## Exercise objective
A picture-free, exact reproduction of the listing that follows is required.

## Record extracts

::::

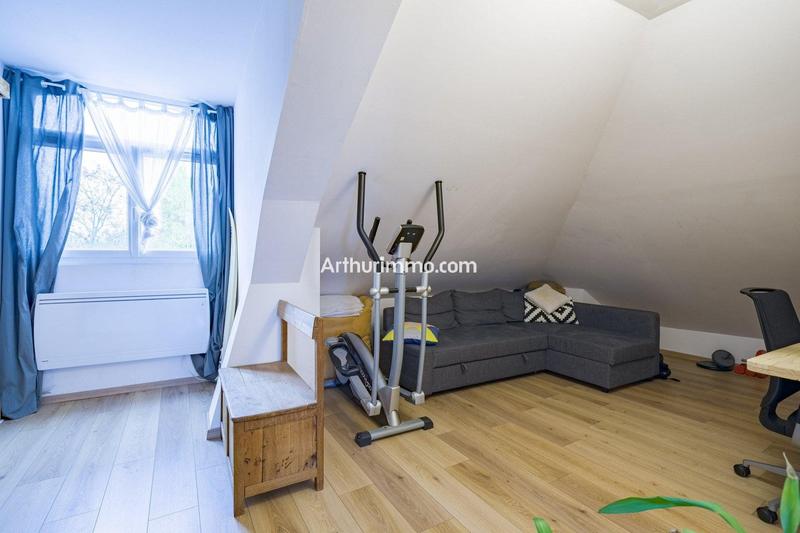 Appartement - 84 m² - 4 pièces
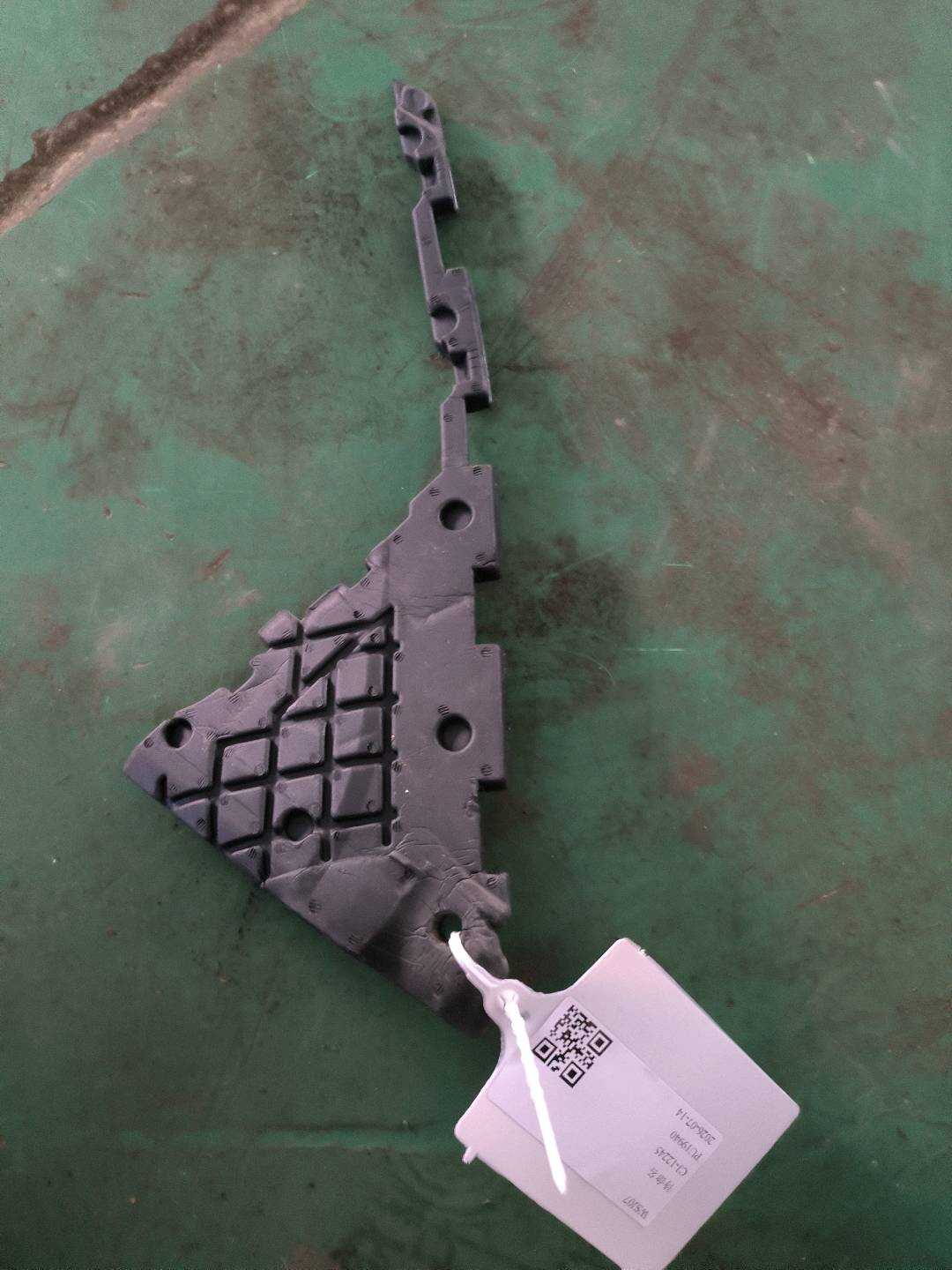 C2D12351 右, 后门绝缘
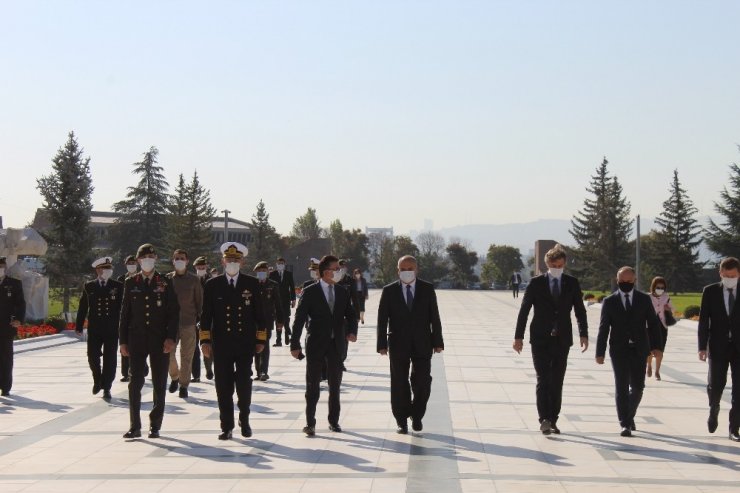 Altıncı Cumhurbaşkanı Fahri Sabit Korutürk’ün vefatının 33. yıldönümü Ankara Devlet Mezarlığında düzenlendi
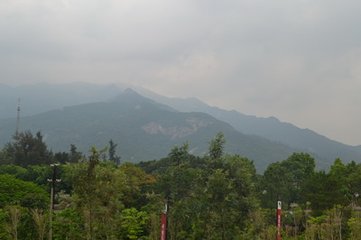 重忆山居六首。罗浮山（番禺连帅所遗）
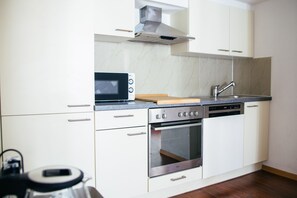 Frigorifero, microonde, forno, piano cottura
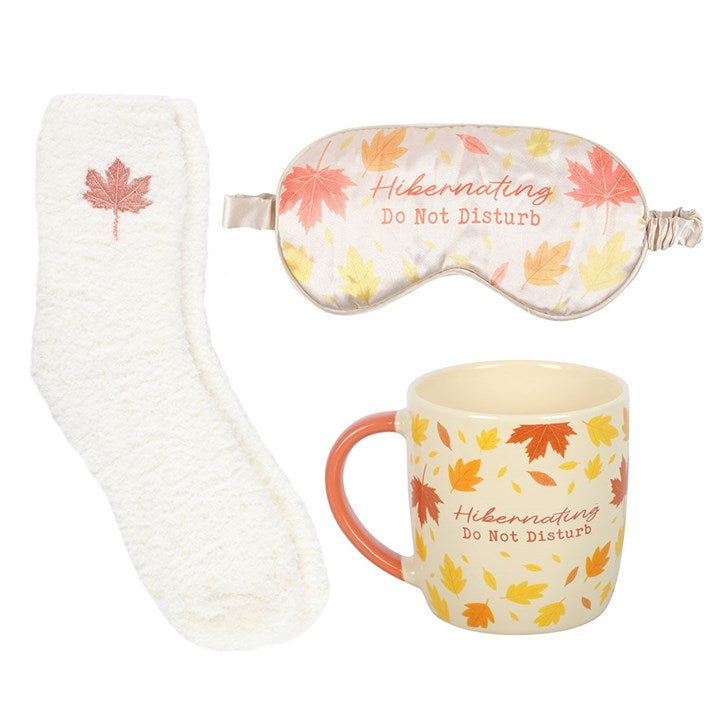 AUTUMN HIBERNATION KIT WITH MUG, SOCKS AND EYE MASK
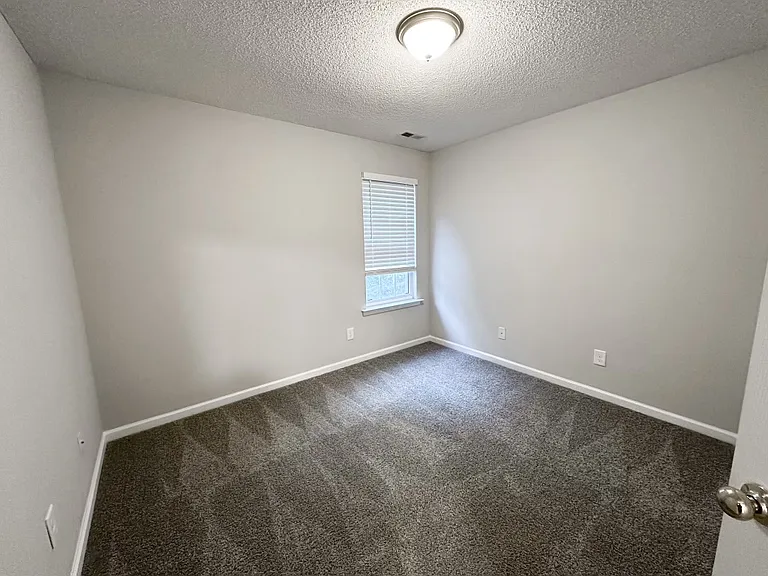 3904 Toyon Dr — Photo 15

::::

## Answer to the problem
 Appartement - 84 m² - 4 pièces
 C2D12351 右, 后门绝缘
 Altıncı Cumhurbaşkanı Fahri Sabit Korutürk’ün vefatının 33. yıldönümü Ankara Devlet Mezarlığında düzenlendi
 重忆山居六首。罗浮山（番禺连帅所遗）
 Frigorifero, microonde, forno, piano cottura
 AUTUMN HIBERNATION KIT WITH MUG, SOCKS AND EYE MASK
 3904 Toyon Dr — Photo 15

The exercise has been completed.